▶ TASK STATEMENT: A picture-free, exact reproduction of the listing that follows is required.

▶ DATA SECTION:

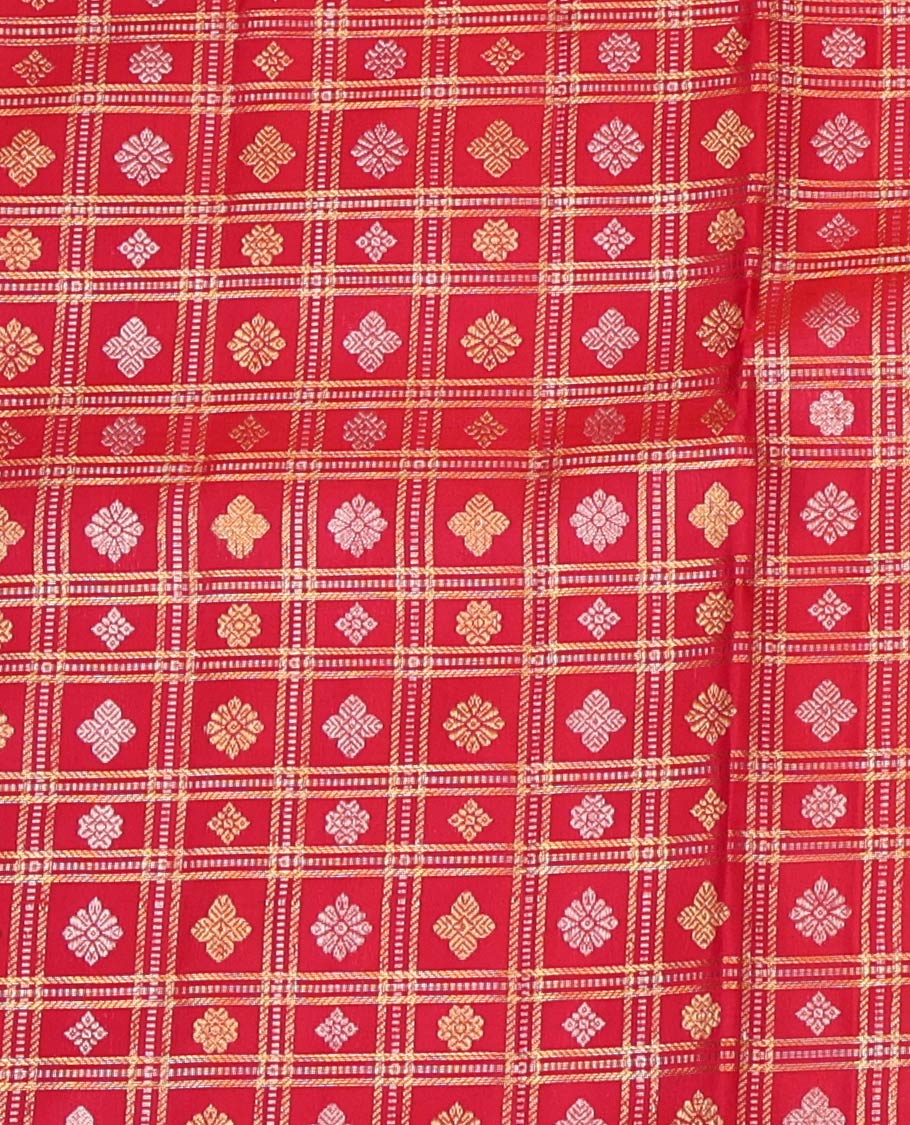 Red Pure Silk Pavadai Material Set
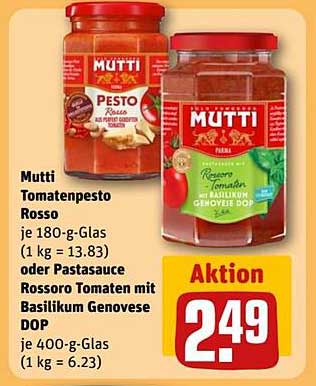 Mutti Tomatenpesto Rosso oder Pastasauce Rossoro mit Basilikum Genovese DOP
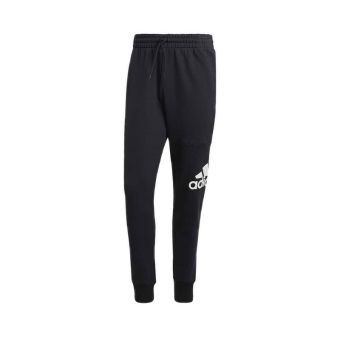 adidas Essentials French Terry Tapered Cuff Logo Men's Joggers - Black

▶ YOUR RESPONSE:
 Red Pure Silk Pavadai Material Set
 Mutti Tomatenpesto Rosso oder Pastasauce Rossoro mit Basilikum Genovese DOP
 adidas Essentials French Terry Tapered Cuff Logo Men's Joggers - Black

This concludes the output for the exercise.